The SQUIP returns, apologizing to Jeremy for ruining the play and his chance to be with Christine. The SQUIP reveals it was unable to proceed further at Christine's rejection and believed based on calculation that the plan should have worked, but also that numbers alone do not always determine a probable outcome. The SQUIP concludes to Jeremy that it is no longer of use to him, and that it should be dumped out of his system with Mountain Dew Code Red. Before proceeding to expunge the SQUIP, Michael, Jeremy, and the SQUIP decide to make a formal apology to Christine by using recollected memories of Jeremy meeting Christine for the first time and the SQUIP's interference leading up to the present-day now in hopes she can understand his situation. The novel ends with a personal note from Jeremy, stating that instead of a formal letter, the apology became a full-fledged book. It is strongly implied that the novel itself is the real world-equivalent book intended for Christine.

==Characters ==
- Jeremy Heere: The protagonist
- Michael Mell: Jeremy's best friend
- Christine Caniglia: Jeremy’s love interest
- Rich Goranski: Jeremy's vertically challenged bully-turned-friend, also has a SQUIP
- Jake Dillinger: Christine's love interest at the beginning of the book, constantly having sex with hot people
- Chloe Valentine: One of the three hottest girls in Jeremy's grade. She has a tendency to dress in the raver style with candy necklaces.
- Brooke: A girl who Jeremy makes out with behind the school
- Jenna Rolan: The school's gossip girl
- Stephanie: Another hot girl in Jeremy's grade.
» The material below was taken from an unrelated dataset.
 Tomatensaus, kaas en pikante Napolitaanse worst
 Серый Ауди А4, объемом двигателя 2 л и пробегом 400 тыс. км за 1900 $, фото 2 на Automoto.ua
She has a tendency to dress in a goth manner.
- Mr. Heere: Jeremy's father, works as a divorce lawyer along with his wife
- Mrs. Heere: Jeremy's mother, seen to show some OCD tendencies at the end of the book
- The SQUIP: A supercomputer that resides in Jeremy's mind, main plot line of the book
- Mr. Reyes: A high school drama teacher, hated by Christine
- Nicole: A girl Michael hooks up with at the house party

==Adaptations==
===Stage musical===

A musical based on the book, with a score by Joe Iconis, premiered in June 2015 at the Two River Theater in Red Bank, New Jersey, where it received positive reviews. It later received an Off-Broadway production in 2018, and ran on Broadway at the Lyceum Theatre from March to August 2019. Praised as "a high-energy, imaginative, well-crafted world premiere musical" in The Star-Ledger, Be More Chill was lauded as "a vibrant, inventive musical that makes the most of every moment and features an abundantly talented cast" by BroadwayWorld.

===Film===
On October 20, 2018, it was announced that Shawn Levy and Greg Berlanti would team up to produce a film adaptation of both the novel and the musical, with Joe Iconis serving as executive producer. 20th Century Studios, who acquired the rights prior to their acquisition by the Walt Disney Company, and with whom Berlanti and Levy had first-look deals with, was to distribute. Other film producers who contended for the film rights included Nina Jacobson, Ron Howard, Michael De Luca, Marty Bowen, Scooter Braun, Jennifer Todd and Robert Zemeckis.

=== Graphic novel ===
In December 2020, it was announced that author David Levithan and comic book artist Nick Bertozzi would adapt the book into a graphic novel. The graphic novel was released on January 5, 2021 by Disney Books.